= Work required =
Starting at the line that holds "Heat Aura (FB04-023)", reproduce each line exactly up to and including the last line of the records below. Pictures stay out.

= Data listing =
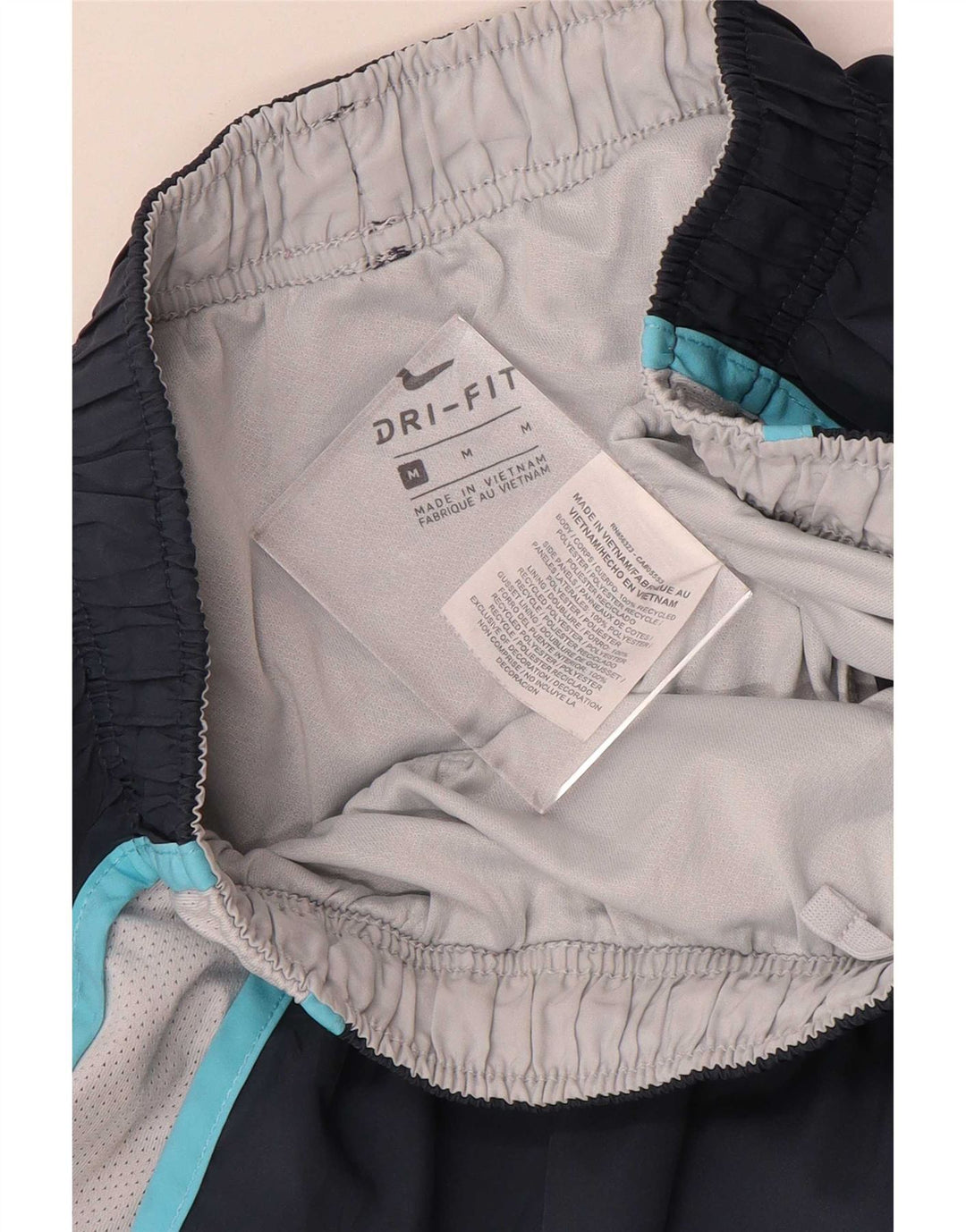 Pantaloni scurți sport Nike Dri Fit pentru bărbați, medii, albastru, poliester color bloc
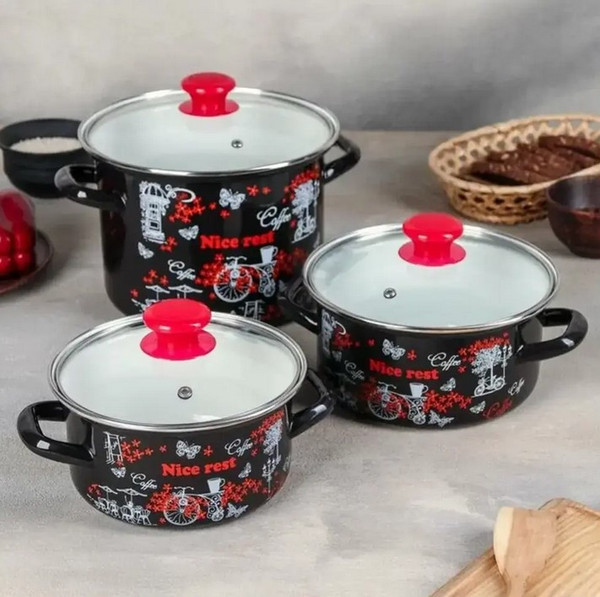 Изображение товара Набор кастрюль КМЗ Отдых-5-1-Люкс / 92315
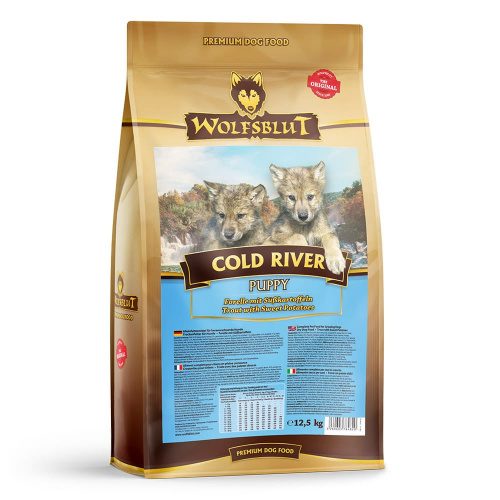 Cold River Puppy - Forelle mit Süßkartoffel 12,5 kg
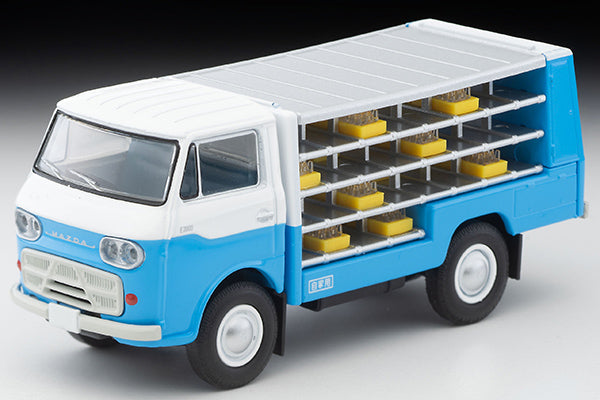 Tomica Limited Vintage LV-210a Mazda E2000 bottle car (white/light blue)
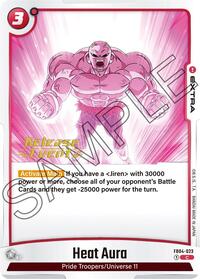 Heat Aura (FB04-023) [Ultra Limit Release Event Cards]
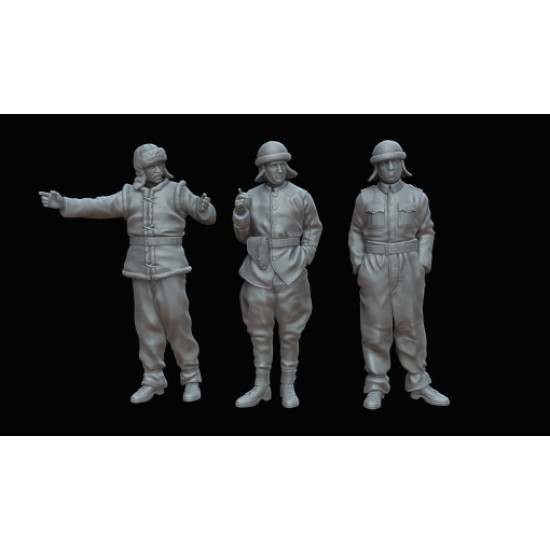 White Stork Miniatures F72066 1/72 Hungarian Tankers Resin Unassembled Unpainted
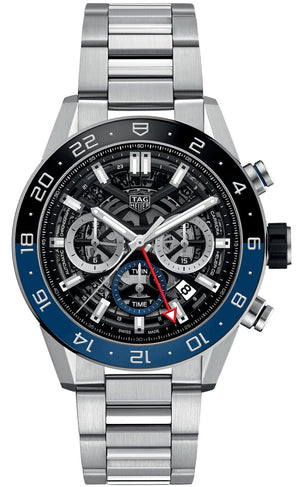 Tag Heuer Watch Carrera Chronograph Gmt Cbg2a1z Ba0658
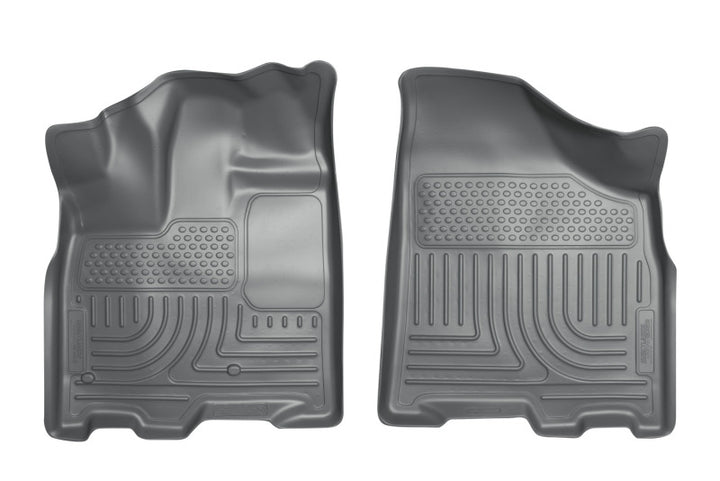 Husky Liners WeatherBeater Gray Front Floor Liners for 2011-2020 Toyota Sienna - OneFastShop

= Result of the exercise =
 Heat Aura (FB04-023) [Ultra Limit Release Event Cards]
 White Stork Miniatures F72066 1/72 Hungarian Tankers Resin Unassembled Unpainted
 Tag Heuer Watch Carrera Chronograph Gmt Cbg2a1z Ba0658
 Husky Liners WeatherBeater Gray Front Floor Liners for 2011-2020 Toyota Sienna - OneFastShop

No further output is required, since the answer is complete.